(WASHINGTON) — A Supreme Court debate Wednesday over parody and popular commercial brands was dominated by talk of whiskey bottles, dog toys, pornography and poop.

For nearly two hours, in an argument punctuated by laughter, the justices wrestled with the intersection of freedom of speech and protection for trademarks in a case pitting a humorous dog toy maker against American whiskey producer Jack Daniel’s.

The case, Jack Daniel’s Properties Inc., v. VIP Products, centers on a chew toy that resembles a bottle of Jack Daniel’s whiskey but is spoofed as “Bad Spaniels” with the suggestion that its contents are pet waste.

“This case involves a dog toy that copies Jack Daniel’s trademark and trade dress and associates its whiskey with dog poop,” the whiskey maker’s attorney Lisa Blatt told the court on Wednesday.

The liquor company claims the toy’s design causes confusion and dilutes the quality of its brand. VIP Products insists the spoof is obvious and protected by the First Amendment.

“They’re complaining about the speech, the parody, the comparison to dog poop and a Bad Spaniel, not the mark,” VIP Products attorney Bennett Cooper said Wednesday. “Parodies on noncompetitive goods like Bad Spaniels aren’t likely to cause confusion.”

A district court sided with Jack Daniel’s but an appeals court reversed, upholding the toy. The justices considered what legal test should decide when a trademark has been infringed and whether VIP Products’ toy had done so.

“Could any reasonable person think that Jack Daniel’s had approved this use of the mark?” Justice Samuel Alito asked Blatt, representing the whiskey maker.

“Absolutely,” Blatt replied. “That’s why we won [in the district court].”

“I’m concerned about the First Amendment implications of your position,” Alito said.

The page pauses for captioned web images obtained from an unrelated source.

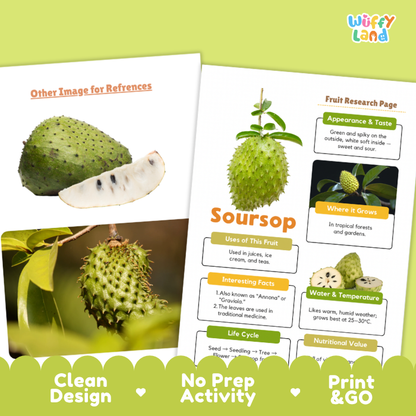 A printed soursop fruit reference sheet from Wiffy Land, showing labeled diagrams of the fruit, its uses, growth, water temperature, and nutritional value. The sheet is displayed on a light green background with decorative text banners at the bottom.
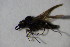  ( - DIP 04530)  @12 [ ] CreativeCommons - Attribution Non-Commercial Share-Alike (2015) Unspecified SNSB, Zoologische Staatssammlung Muenchen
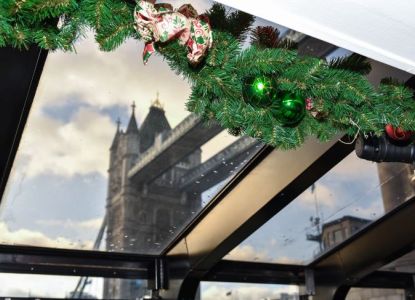 Sightseeing during the London Christmas Day Sightseeing Cruise in London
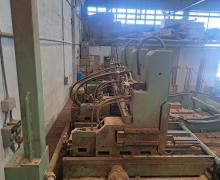 : Primultini_US 02/26_Segatronchi Completi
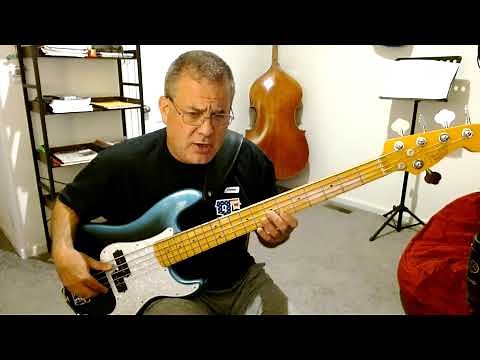 Fender Precision 5 String Professional Bass Review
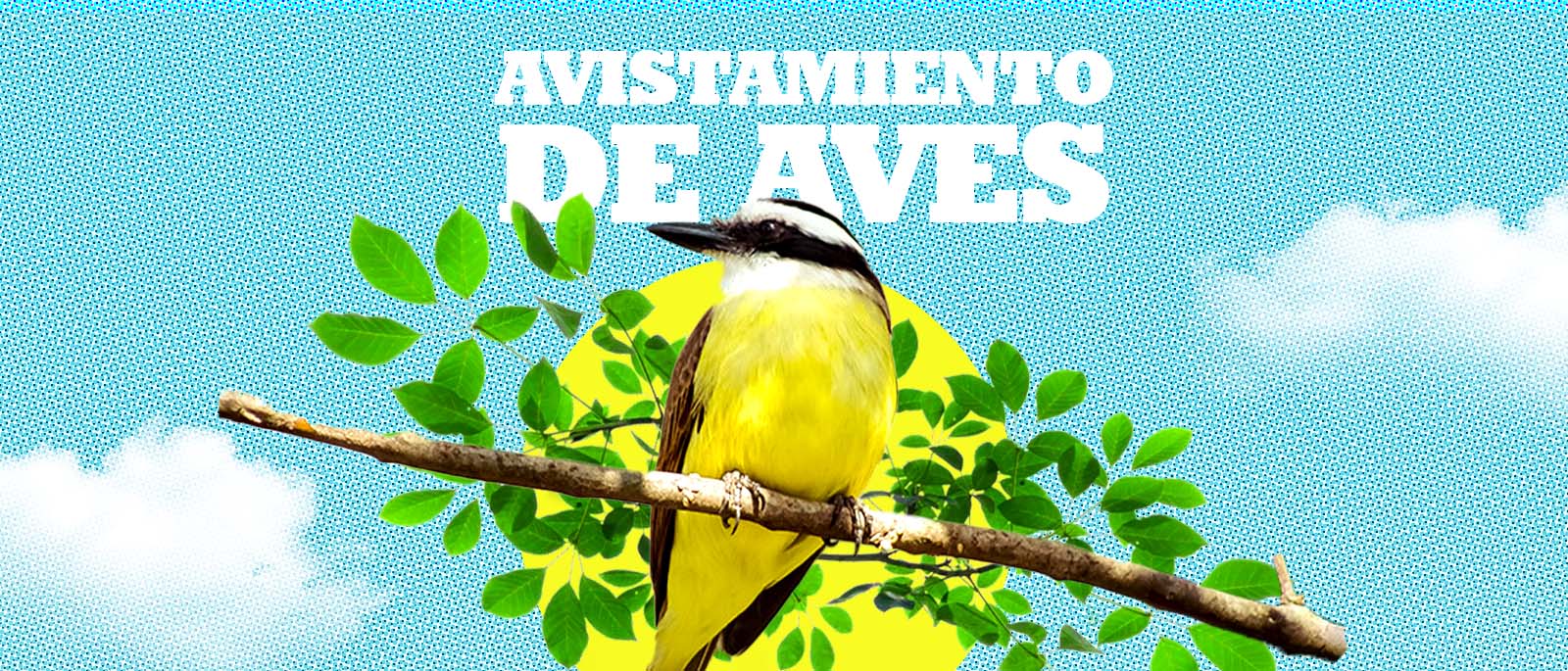 Avistamiento de Aves en el Parque Caballero
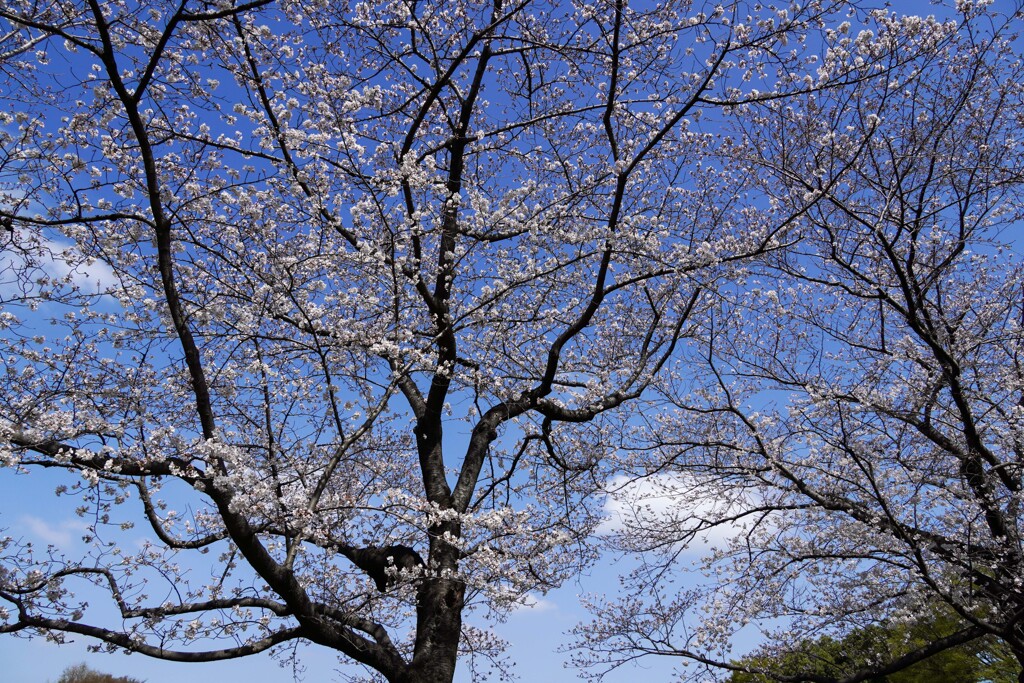 開花②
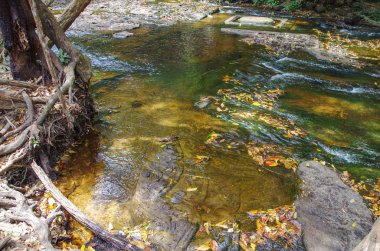 Bin Lingas Vadisi. Yoni, Linga ve diğer rakamlar rakamlar nehir yatağı Kbal Spean kayaların oyulmuş. Hindular ve Budistler için kutsal bir yer. Kamboçya, çevre Angkor, Phnom Kultur Milli Parkı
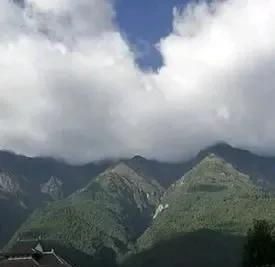 十年前几个驴友一起去云南大理苍山，我们摸了一个好看的蘑菇以后，爬苍山迷路，原本我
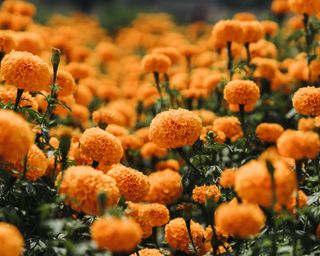 Orange marigolds in the sun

Blatt, backed by dozens of U.S. brands like American Apparel, Campbell Soup Company and Nike, warned that allowing imitations like “Bad Spaniels” would open the floodgates to harmful trademark infringement — under the justification of “parody” — including in pornography.

Blatt told the justices that trademark owners could be victims of “something that approaches compelled speech if their mark has been used in porn films and porn toys and sex toys, and people are profiting off of that.”

She raised the ’70s pornographic film “Debbie Does Dallas,” which an appeals court in a separate case found had infringed the trademark of the Dallas Cowboys Cheerleaders.

Meanwhile, VIP Products argued that a dog toy is a “noncommercial” form of protected speech — a distinctive parody, said Cooper, one of their attorneys, because it does not explicitly say “Jack Daniel’s.”

“There’s no doubt that Jack Daniel’s takes itself very seriously,” Cooper quipped.

Some on the court did not appear convinced.

“Maybe I just have no sense of humor — but what’s the parody?” asked Justice Elena Kagan. She went on to suggest the chew toy is just an “ordinary commercial product” profiting from the likeness of a whiskey brand.

“You make fun of a lot of marks: Doggie Walker, Dos Perros, Smella R Paw, Canine Cola, Mountain Drool. Are all of these companies taking themselves too seriously?” she asked dryly.

Chief Justice John Roberts guided the morning’s arguments but did not ask any questions himself. Justices Brett Kavanaugh and Amy Coney Barrett did not speak at all throughout the proceedings.

There was no apparent consensus among the justices on which company should prevail or whether the matter should be sent back to a lower court for further consideration.

The court is expected to release a decision by the end of June.